> RAW DATA:
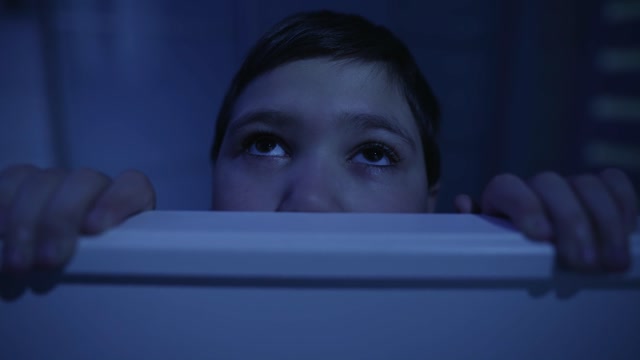 Scared Children Stock Footage: Royalty-Free Video Clips - Storyblocks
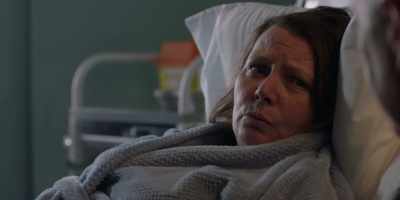 I was upset.
Maybe I had a fag or two. - The Light in the Hall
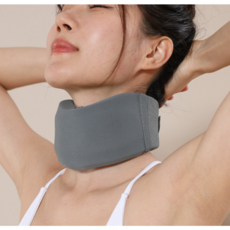 바디코렉 안락한 쿠션형 목 보호대 밴드, 1개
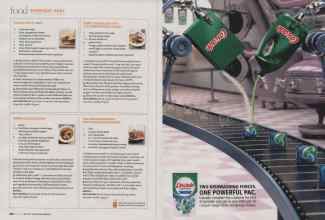 Better Homes & Gardens May 2010 Magazine Article: Page 180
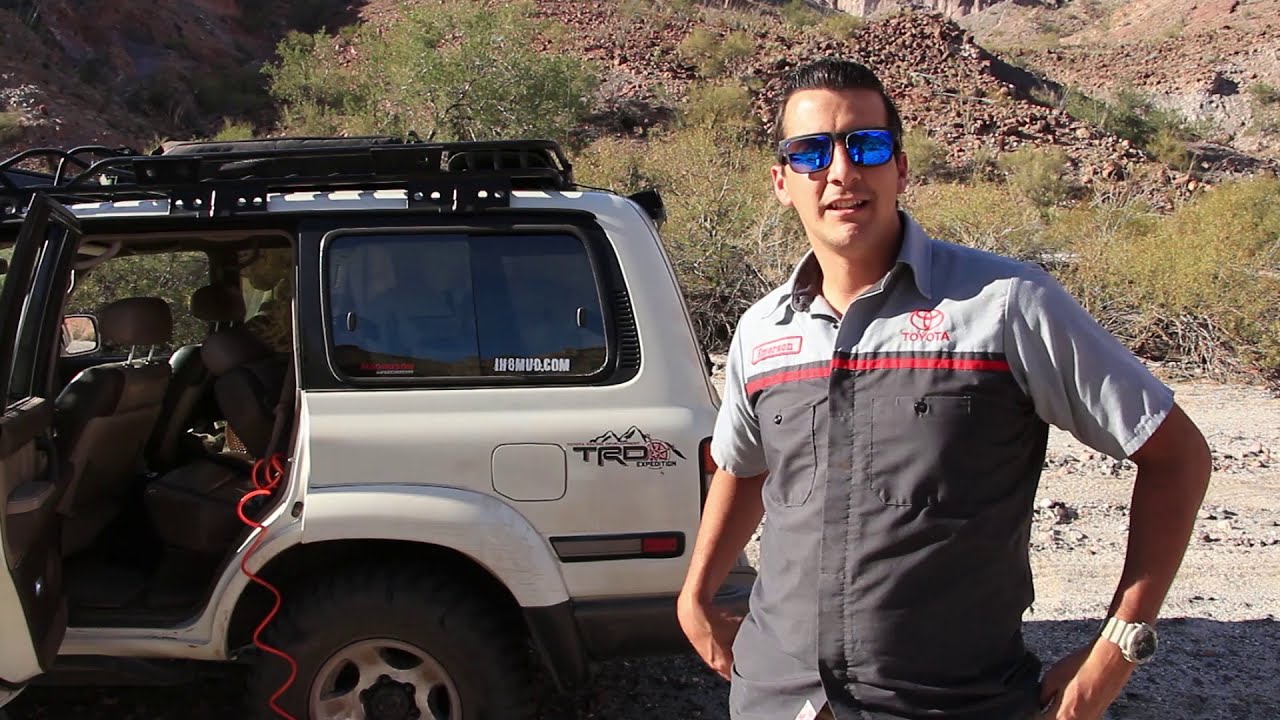 Posada Baja Cruiser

> WHAT TO WORK ON:
Pictures excluded, copy exactly the lines running from the one with "바디코렉 안락한 쿠션형 목 보호대 밴드, 1개" through the last line of the material.

> ANSWER FOR THIS EXERCISE:
 바디코렉 안락한 쿠션형 목 보호대 밴드, 1개
 Better Homes & Gardens May 2010 Magazine Article: Page 180
 Posada Baja Cruiser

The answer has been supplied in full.